Now you know how image tracking works in a nutshell! It's really not that mysterious. We detect feature points from a target image, search those feature points in another image, and then compute the location of the whole target using multiple matched points.
Feature Points Distribution
Another important concept you should be aware of is feature points distribution. It affects the extrapolation result after feature points are matched. Let's consider a more complicated shape (a new target image) below, and we have two different potential sets of feature points (i.e. green and red) for matching.
In both sets, we have no problem locating those 3 points in the second image, and then extrapolate the whole target.

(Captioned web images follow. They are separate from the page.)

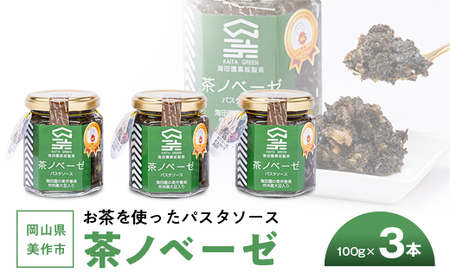 岡山県美作市 お茶を使ったパスタソース"茶ノベーゼ" 3本_惣菜・加工品 缶詰・瓶詰 _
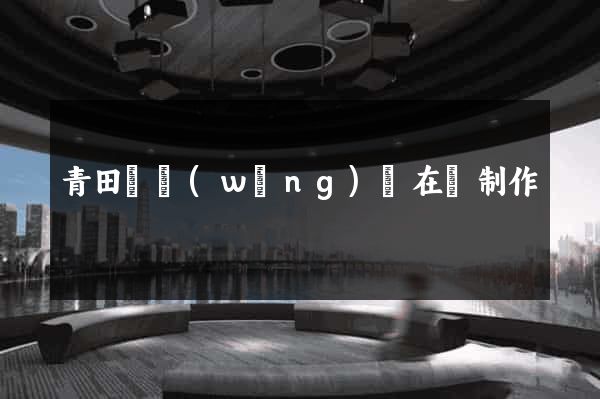 青田縣網(wǎng)頁在線制作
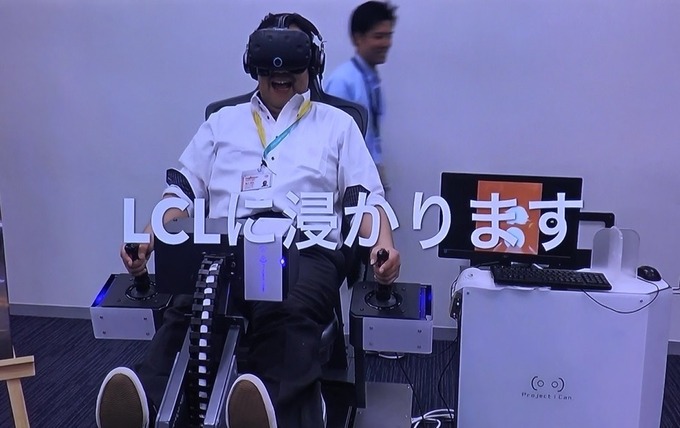 コヤ所長とタミヤ室長が語る「VR ZONE Project ican」で得たアニメIP、VR化の秘策―中村彰憲「ゲームビジネス新潮流」第48回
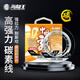 海龍王碳線前導(dǎo)線耐磨路亞前導(dǎo)線50米前導(dǎo)碳線路亞前導(dǎo)線碳線2.5號(hào)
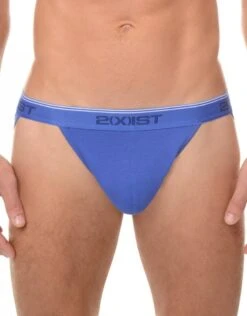 2xist 3-Pack Stretch Jock Strap 021322 -Underline Fashion Store 349406 30590499 e767 4c7c 8f84 c149b013b97f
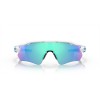 Oakley Radar® EV Path® Sunglasses Polished White Frame Prizm Sapphire Lense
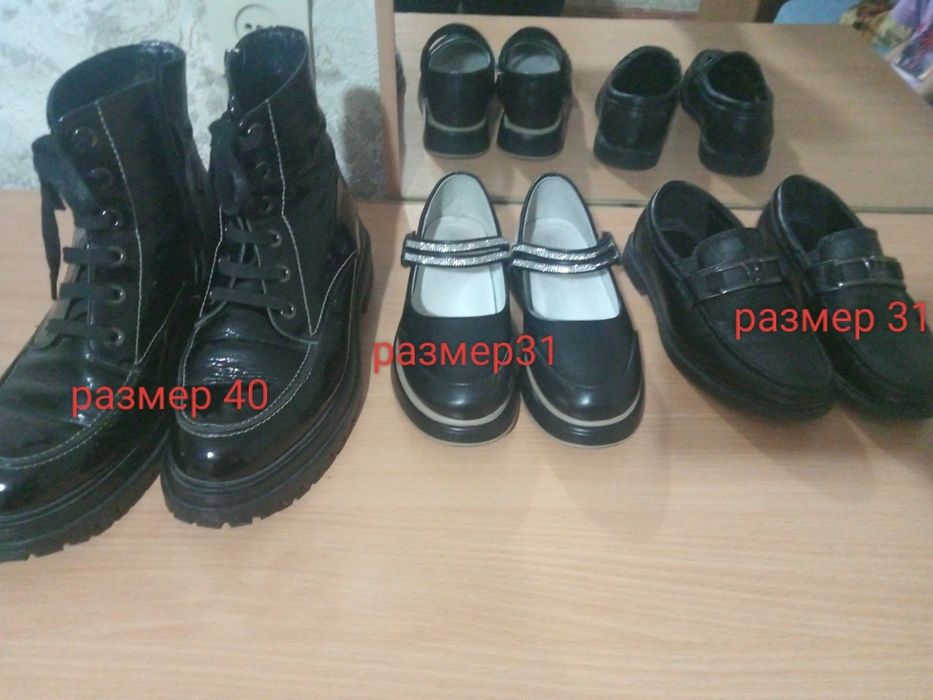 Вещи на мальчика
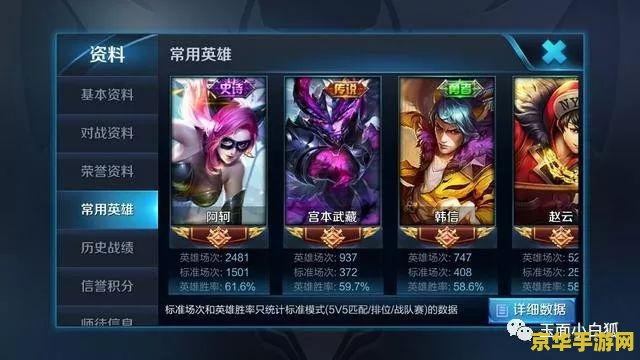 王者荣耀韩信怎么抽视频 &lt;h1&gt;王者荣耀韩信抽取技巧视频解析&lt;/h1&gt;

In a perfect world, they have no difference.
However in a realistic world, there is always error in mapping (i.e. the mapped positions are off from their perfect positions). For example, let's say two of the mapped points are shifted to the right by 5 pixels like below. Even though they have the same errors, the final extrapolated result of the whole target differs by a lot!
The important takeaway is that, the better the distribution of feature points, the more tolerant they are to errors. More specifically, you should aim to have feature points exist across every regions of the target image, rather than to have them densely gathered in some regions, leaving the other regions empty.
In real life though, a simple isosceles triangle is probably unrecognizable. A typical target image and its feature points probably look something like this:
and matching of those hundreds of feature points in real environment looks something like this:
As you can see, there are a lot of incorrect matches. Whether we can eventually locate the target will depend on the ratio of good matches against bad matches. To have good matches, we will need good feature points. Therefore, your choice of target images plays a vital role in the tracking performance.
That is the fundamental of image tracking. It's all about detecting and matching feature points. Although you cannot improve the AR engine, you can definitely choose an image that the engine loves!
To summarize, your job is to ensure the target image contains:
- good feature points that are distinguishable
- a lot of good feature points, together the image as a whole can be located
- a lot of good and well distributed feature points, to make it error tolerant.